Unihertz’s latest boutique smartphone is the Unihertz Titan Slim. Unlike the full-screen phones that dominate the market, this phone marks another attempt to bring Blackberry-style QWERTY-panel phones into the smartphone era.
For some reason, Unihertz has never officially unveiled the phone on their website (there’s only this “coming soon”teaser image), but by now enough phone reviews have been published for the product to go public. Bear in mind that almost all of the reviewers who have tested the Titan Slim have left negative impressions, but at least it is a unique device.
This PCMag report details most of the specifications. On the front of the phone is a 4.2-inch LCD with a resolution of “roughly”1280×768, and then all those QWERTY buttons start. Since a hardware keyboard requires so much space, bezel reduction should be a priority. These days, even $150 smartphones have waterdrop front cameras and minimal bezels. Losing that much space means the display has an odd 5:3 aspect ratio, which several reports say causes issues with Android app layouts.
SoC: Mediatek Helio P70. It is a three-year-old SoC with four Cortex-A73 cores, four Cortex-A53 cores and an ARM Mali-G72 MP3 GPU built on a 12nm process. The software is outdated too; the phone comes with Android 11 20 months old. The device has 6 GB of RAM, 128 GB of storage and a 4100 mAh battery. The main draw here is the price, which is “less than $300″(usually that means exactly $299.99).
PCMag lists dimensions of 5.79 x 2.67 x 0.51 inches (147 x 67.8 x 12.7 mm), making it the thickest phone of 2022. there is no room for a headphone jack or microSD card. These are odd omissions for a phone that seems to be designed for old-school use. However, Unihertz managed to cram in two physical SIM slots and an IR blaster.
The four-row QWERTY keyboard has a rather strange layout. The top row is just a bunch of function keys like Shift, fingerprint scanner, and Android navigation buttons. The entire QWERTY section of the keyboard is compressed into three rows, with a space separating the “V”and “B”keys. It seems that the first row of this keyboard should actually be the last row, with the space bar taking the place of the fingerprint reader. This would bring the layout in line with most Blackberries (and actual keyboards), which tend to start the QWERTY row at the top and fill the bottom row with function keys and the space bar. The QWERTY keyboard is the only selling point of this phone, and immediately compromising a layout like this is a bad idea.
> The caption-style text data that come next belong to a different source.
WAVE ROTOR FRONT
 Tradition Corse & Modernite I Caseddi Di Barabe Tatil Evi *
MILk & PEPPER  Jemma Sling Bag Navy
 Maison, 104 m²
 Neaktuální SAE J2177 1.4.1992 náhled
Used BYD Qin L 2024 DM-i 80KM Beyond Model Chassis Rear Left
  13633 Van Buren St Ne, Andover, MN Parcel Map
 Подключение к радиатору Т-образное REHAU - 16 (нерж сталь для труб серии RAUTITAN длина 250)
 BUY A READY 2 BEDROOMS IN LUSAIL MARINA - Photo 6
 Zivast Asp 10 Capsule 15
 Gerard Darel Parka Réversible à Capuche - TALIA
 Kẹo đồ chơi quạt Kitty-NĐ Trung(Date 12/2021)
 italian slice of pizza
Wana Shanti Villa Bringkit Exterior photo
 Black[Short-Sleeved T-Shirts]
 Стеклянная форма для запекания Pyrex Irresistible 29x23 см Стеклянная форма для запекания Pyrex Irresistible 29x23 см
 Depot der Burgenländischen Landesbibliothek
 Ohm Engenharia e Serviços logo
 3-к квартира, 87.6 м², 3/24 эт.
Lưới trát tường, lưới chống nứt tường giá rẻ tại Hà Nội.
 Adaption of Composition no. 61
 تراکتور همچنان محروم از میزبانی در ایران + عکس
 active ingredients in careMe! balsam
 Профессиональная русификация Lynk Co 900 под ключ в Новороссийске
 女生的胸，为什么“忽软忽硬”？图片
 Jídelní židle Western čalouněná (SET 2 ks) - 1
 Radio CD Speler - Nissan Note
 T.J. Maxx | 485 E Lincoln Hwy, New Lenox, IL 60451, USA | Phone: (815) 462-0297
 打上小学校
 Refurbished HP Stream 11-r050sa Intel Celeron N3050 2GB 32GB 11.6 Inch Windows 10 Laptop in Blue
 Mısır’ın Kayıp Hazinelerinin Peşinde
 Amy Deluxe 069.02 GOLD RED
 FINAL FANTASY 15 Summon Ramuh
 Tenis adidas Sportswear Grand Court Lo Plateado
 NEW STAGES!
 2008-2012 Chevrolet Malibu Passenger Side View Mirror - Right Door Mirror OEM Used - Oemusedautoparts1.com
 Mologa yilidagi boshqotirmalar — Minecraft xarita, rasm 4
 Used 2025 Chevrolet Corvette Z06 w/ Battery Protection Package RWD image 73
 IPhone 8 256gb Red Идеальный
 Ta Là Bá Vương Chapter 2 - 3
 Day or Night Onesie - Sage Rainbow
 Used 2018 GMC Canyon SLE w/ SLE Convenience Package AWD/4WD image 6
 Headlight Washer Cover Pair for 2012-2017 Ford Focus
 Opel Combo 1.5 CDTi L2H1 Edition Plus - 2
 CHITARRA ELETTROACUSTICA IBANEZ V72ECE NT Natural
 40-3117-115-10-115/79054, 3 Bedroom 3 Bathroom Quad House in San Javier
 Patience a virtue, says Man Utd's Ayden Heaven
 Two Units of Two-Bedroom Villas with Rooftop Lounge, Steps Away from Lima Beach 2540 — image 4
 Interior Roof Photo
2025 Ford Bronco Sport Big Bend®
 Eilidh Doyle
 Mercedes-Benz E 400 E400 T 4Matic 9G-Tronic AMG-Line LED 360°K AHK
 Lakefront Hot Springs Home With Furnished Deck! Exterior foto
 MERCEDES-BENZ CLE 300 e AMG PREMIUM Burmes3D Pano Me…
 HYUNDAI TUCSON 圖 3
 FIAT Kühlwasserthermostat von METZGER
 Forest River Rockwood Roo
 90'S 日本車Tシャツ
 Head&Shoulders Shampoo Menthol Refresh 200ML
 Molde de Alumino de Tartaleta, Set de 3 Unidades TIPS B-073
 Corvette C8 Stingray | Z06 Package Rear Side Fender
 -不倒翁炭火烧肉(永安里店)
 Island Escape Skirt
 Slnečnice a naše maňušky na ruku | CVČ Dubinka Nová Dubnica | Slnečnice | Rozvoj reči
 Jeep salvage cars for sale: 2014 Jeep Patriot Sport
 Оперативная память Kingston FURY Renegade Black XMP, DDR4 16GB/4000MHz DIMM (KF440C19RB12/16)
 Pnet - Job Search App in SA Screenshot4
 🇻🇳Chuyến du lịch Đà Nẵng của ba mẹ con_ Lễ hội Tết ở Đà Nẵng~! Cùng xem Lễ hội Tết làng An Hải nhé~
MrMobile (also known as Michael Fisher) has posted a great review covering most of the main components of the phone. Fisher says the phone’s glossy plastic finish “feels cheap”and that the “Titan Slim pervades a sense of cheap compromise.”The screen has “bad viewing angles”and is not very bright. Fisher says the typing layout feels “cramped”and the weight distribution is “as heavy as it looks.”The rarity of physical keyboards means that Android doesn’t play well with them, and along with a bunch of other compromises, Fisher says the keyboard is “so uncomfortable and fussy that most of the time I just wanted to give up and put it back in its place.”it’s down.”
So it’s not great, but QWERTY enthusiasts don’t have many options yet. If you still don’t want to use the on-screen keyboard, Titan Slim is coming soon to the Unihertz Kickstarter store.